*** Opening of Information provided ***

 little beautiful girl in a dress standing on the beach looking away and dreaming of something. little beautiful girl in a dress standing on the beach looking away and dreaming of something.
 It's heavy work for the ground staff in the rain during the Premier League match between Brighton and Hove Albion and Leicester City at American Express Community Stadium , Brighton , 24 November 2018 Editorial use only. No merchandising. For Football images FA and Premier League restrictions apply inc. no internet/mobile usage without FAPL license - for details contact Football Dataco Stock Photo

*** Close of Information provided ***
*** Opening of Information provided ***

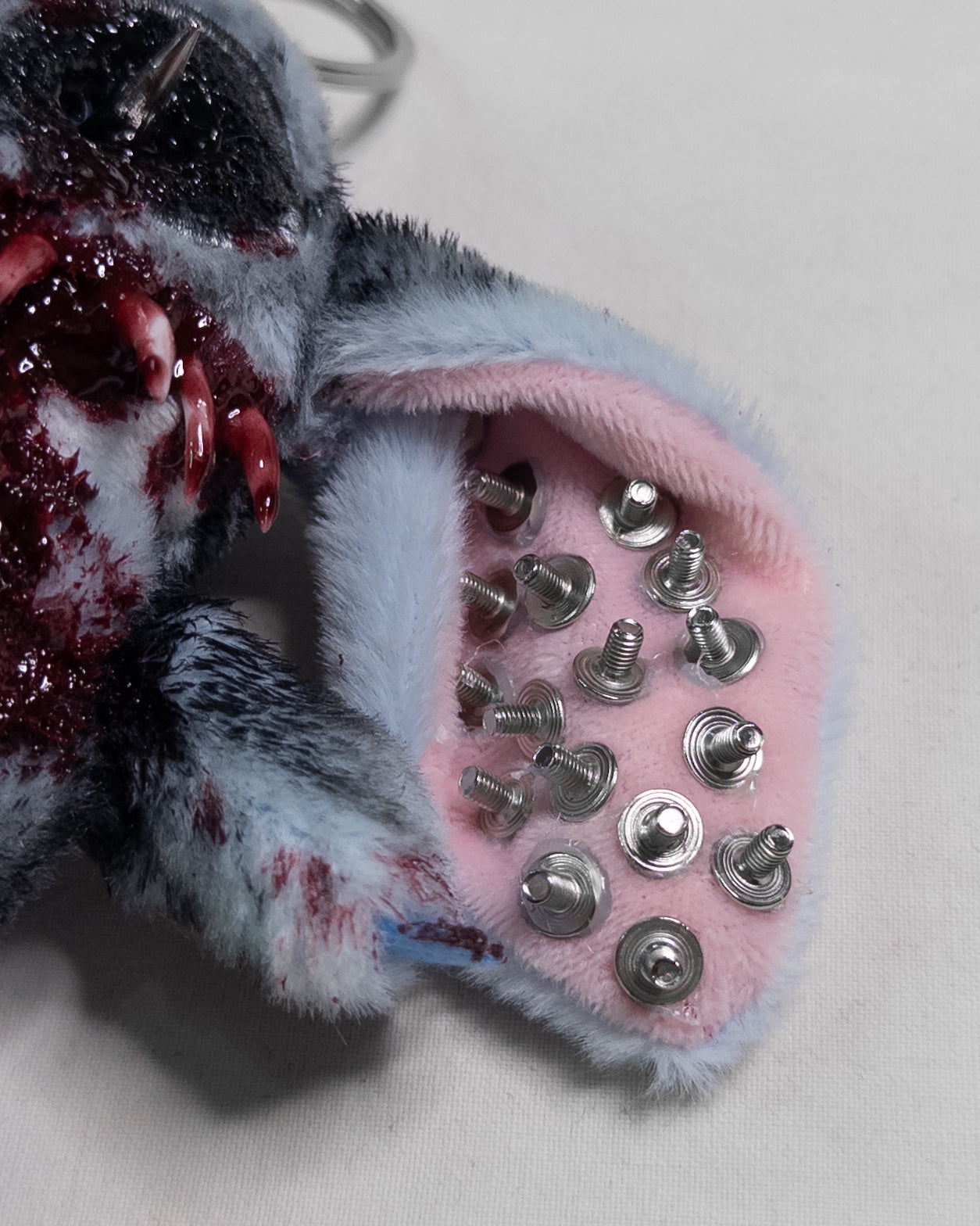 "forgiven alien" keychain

*** Close of Information provided ***

Work instruction: A verbatim transcription is needed of the lines above, starting at the line with "of something. little" and ending at the line with "It's heavy work", both included, and of nothing else.

Solution:
 little beautiful girl in a dress standing on the beach looking away and dreaming of something. little beautiful girl in a dress standing on the beach looking away and dreaming of something.
 It's heavy work for the ground staff in the rain during the Premier League match between Brighton and Hove Albion and Leicester City at American Express Community Stadium , Brighton , 24 November 2018 Editorial use only. No merchandising. For Football images FA and Premier League restrictions apply inc. no internet/mobile usage without FAPL license - for details contact Football Dataco Stock Photo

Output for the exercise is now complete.